ASSIGNMENT: Beginning with the line that holds "26x Genuine VW" in the data below, give again every line through the one that holds "Anti-drop Phone Case", exactly as written.

RECORDS TO PROCESS:
=== Begin Enclosure ===

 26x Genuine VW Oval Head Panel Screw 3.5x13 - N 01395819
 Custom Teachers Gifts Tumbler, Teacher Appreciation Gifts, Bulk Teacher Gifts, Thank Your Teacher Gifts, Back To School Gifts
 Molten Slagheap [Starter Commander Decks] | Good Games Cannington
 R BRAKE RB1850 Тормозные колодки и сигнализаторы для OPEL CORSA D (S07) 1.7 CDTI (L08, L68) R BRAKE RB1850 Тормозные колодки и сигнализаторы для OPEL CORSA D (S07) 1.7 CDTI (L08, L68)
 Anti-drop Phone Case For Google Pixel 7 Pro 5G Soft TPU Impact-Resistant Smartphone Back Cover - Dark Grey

=== End Enclosure ===
=== Begin Enclosure ===

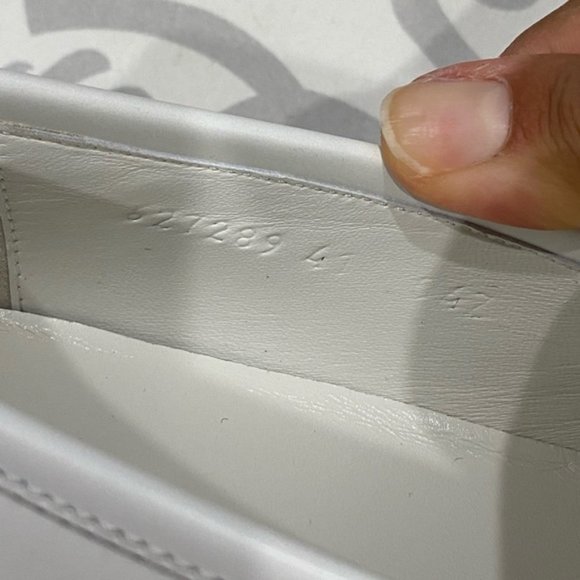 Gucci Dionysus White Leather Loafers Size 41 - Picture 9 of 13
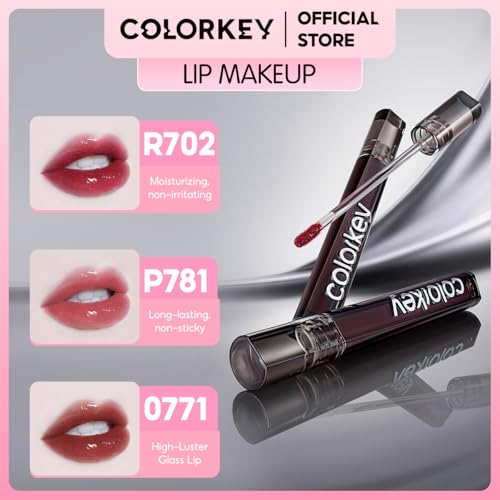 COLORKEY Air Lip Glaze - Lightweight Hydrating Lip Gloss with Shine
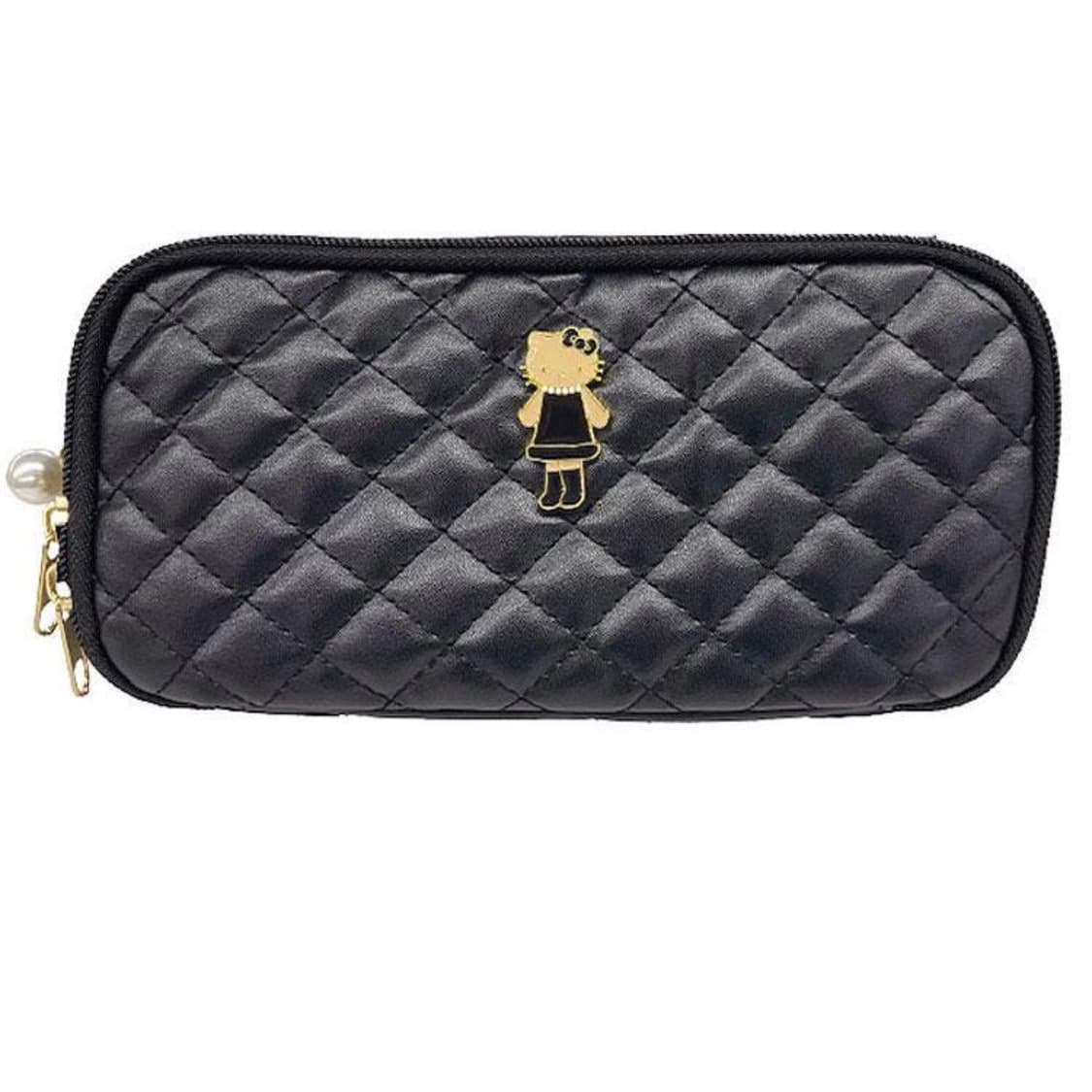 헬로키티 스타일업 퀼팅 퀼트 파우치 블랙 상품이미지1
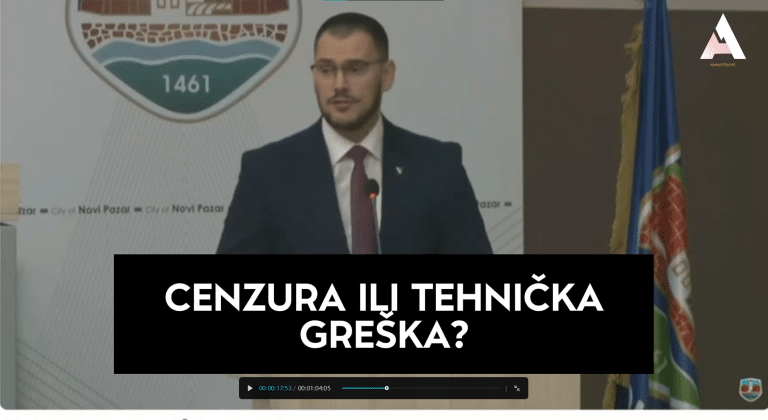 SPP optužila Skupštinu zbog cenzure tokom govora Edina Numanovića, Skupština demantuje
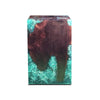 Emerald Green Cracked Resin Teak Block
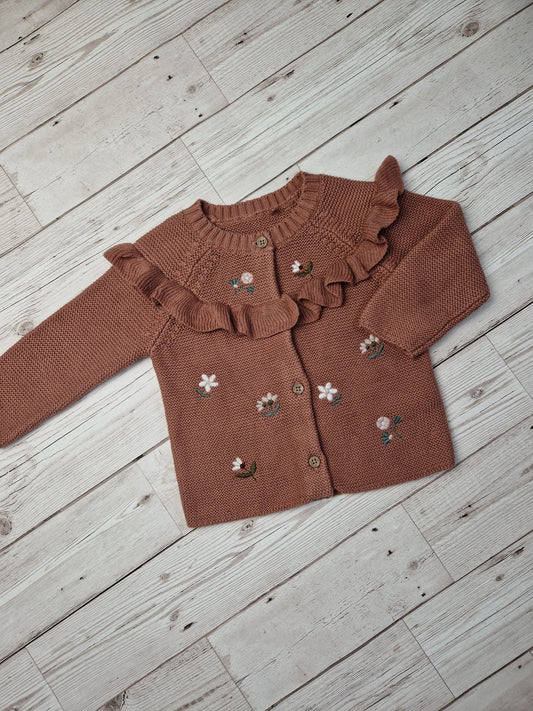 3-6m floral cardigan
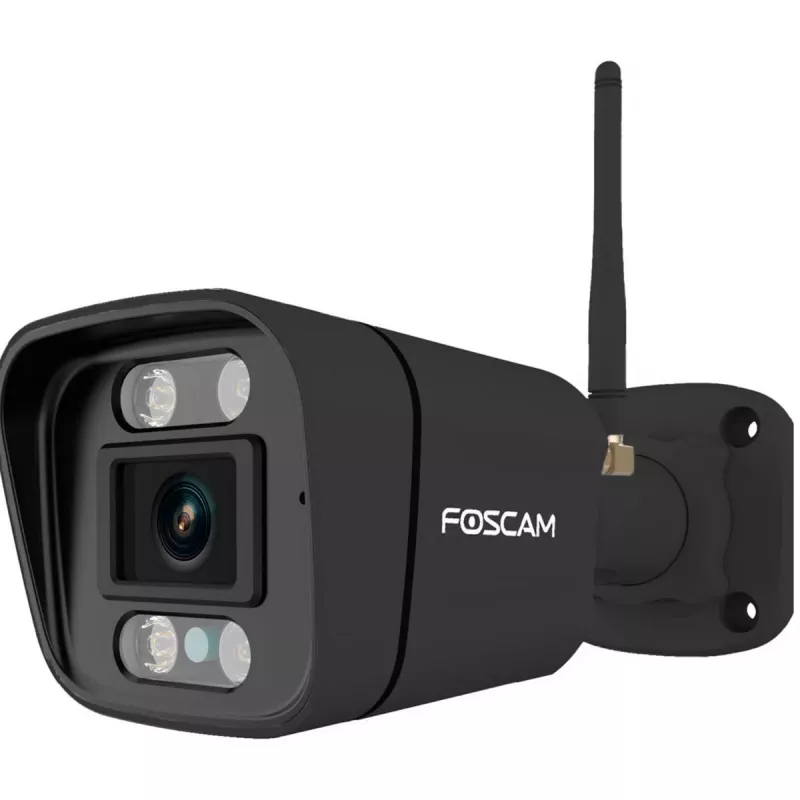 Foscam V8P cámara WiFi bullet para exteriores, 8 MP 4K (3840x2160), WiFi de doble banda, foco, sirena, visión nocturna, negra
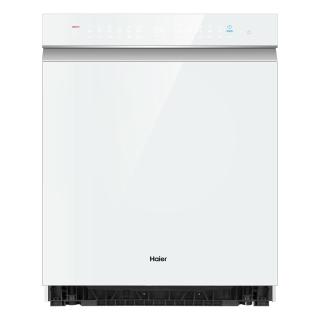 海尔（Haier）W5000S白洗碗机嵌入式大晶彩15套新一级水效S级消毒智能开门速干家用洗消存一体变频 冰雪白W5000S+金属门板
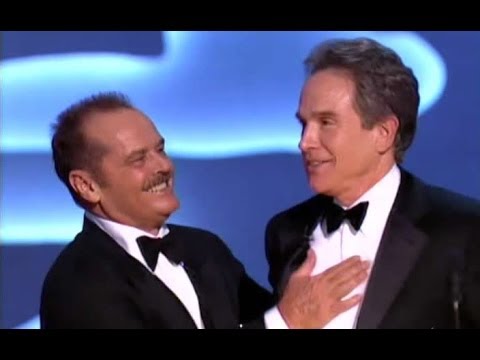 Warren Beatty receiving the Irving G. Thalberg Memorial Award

=== End Enclosure ===
=== Begin Enclosure ===

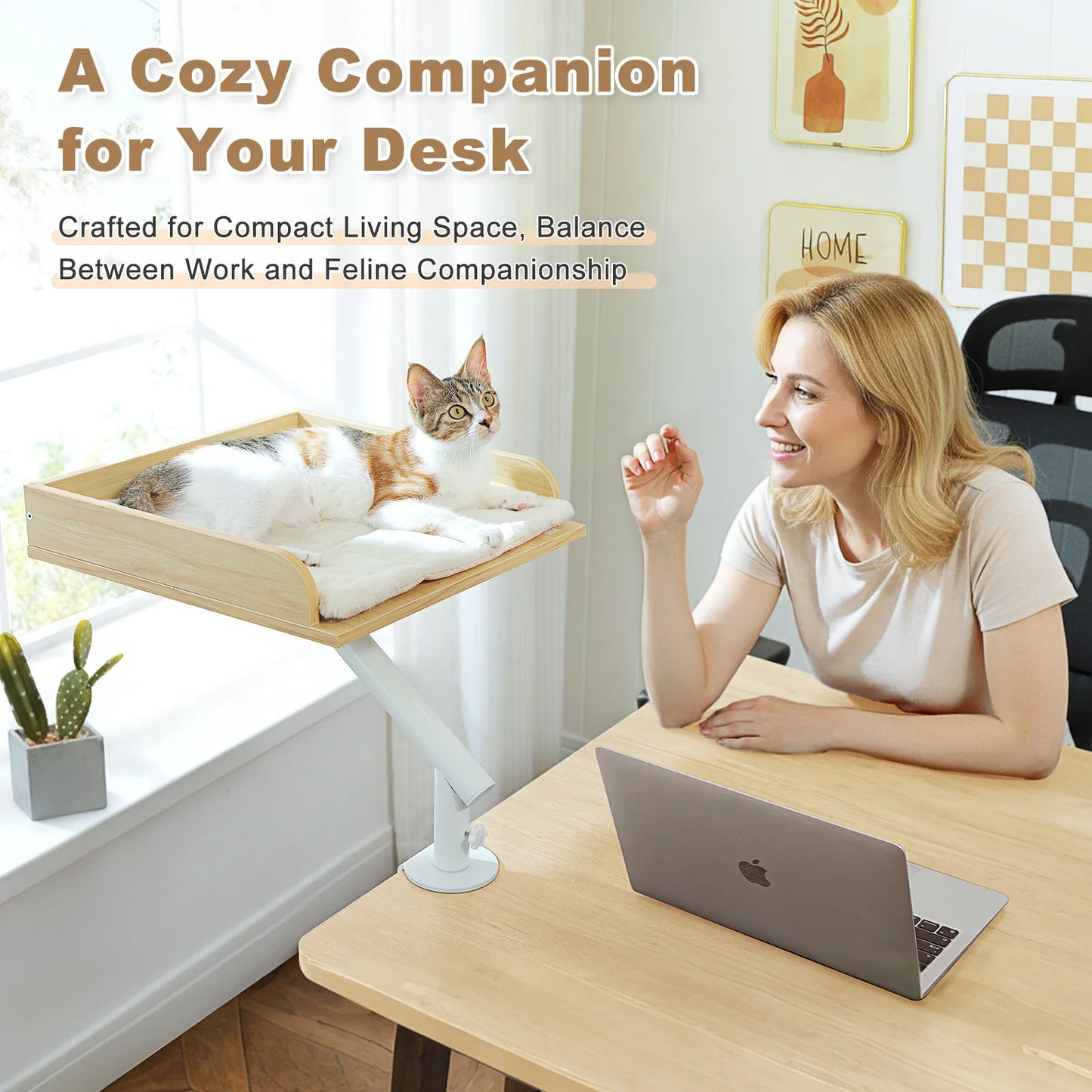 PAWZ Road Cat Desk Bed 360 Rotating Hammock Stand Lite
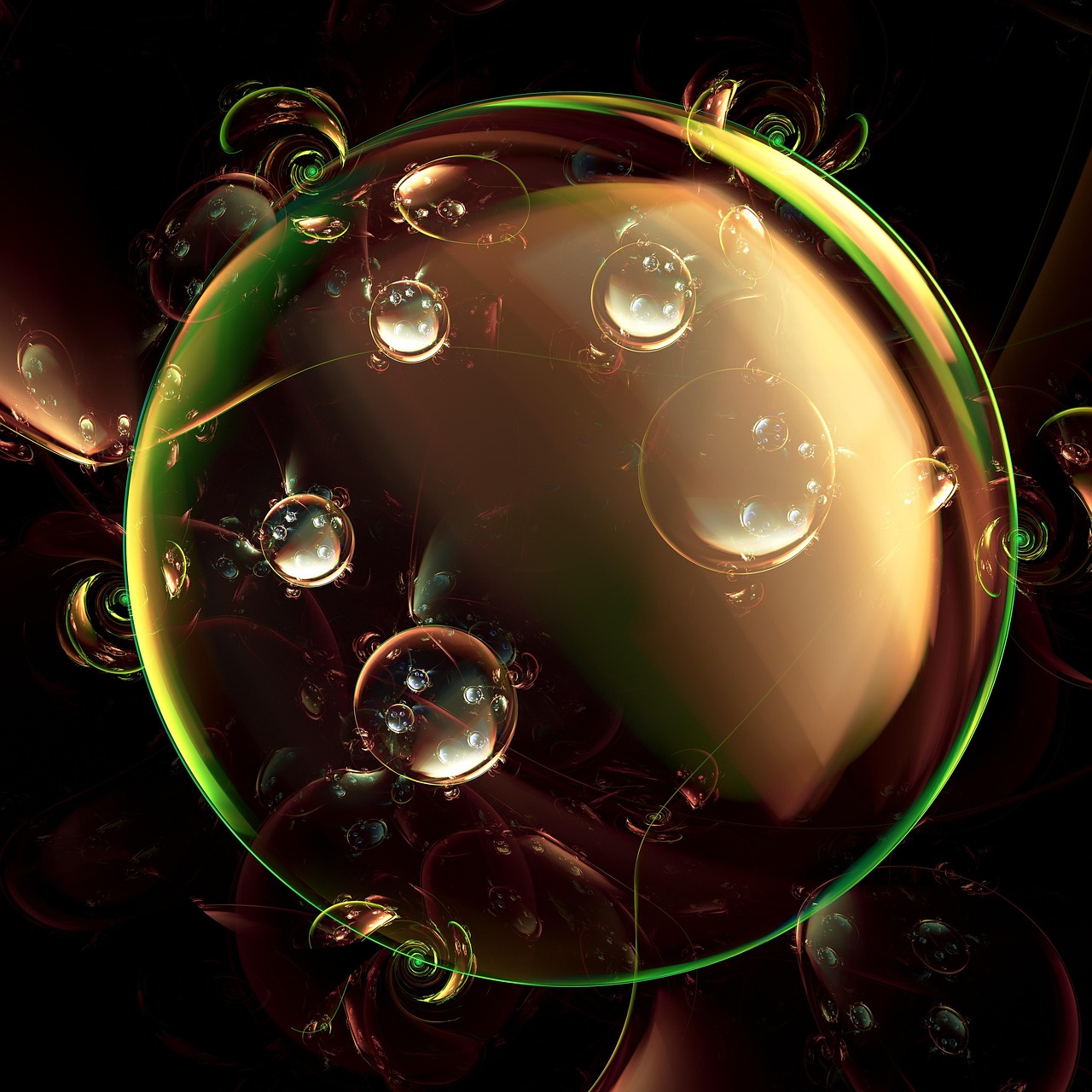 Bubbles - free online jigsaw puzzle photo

=== End Enclosure ===

WRITTEN RESPONSE:
 26x Genuine VW Oval Head Panel Screw 3.5x13 - N 01395819
 Custom Teachers Gifts Tumbler, Teacher Appreciation Gifts, Bulk Teacher Gifts, Thank Your Teacher Gifts, Back To School Gifts
 Molten Slagheap [Starter Commander Decks] | Good Games Cannington
 R BRAKE RB1850 Тормозные колодки и сигнализаторы для OPEL CORSA D (S07) 1.7 CDTI (L08, L68) R BRAKE RB1850 Тормозные колодки и сигнализаторы для OPEL CORSA D (S07) 1.7 CDTI (L08, L68)
 Anti-drop Phone Case For Google Pixel 7 Pro 5G Soft TPU Impact-Resistant Smartphone Back Cover - Dark Grey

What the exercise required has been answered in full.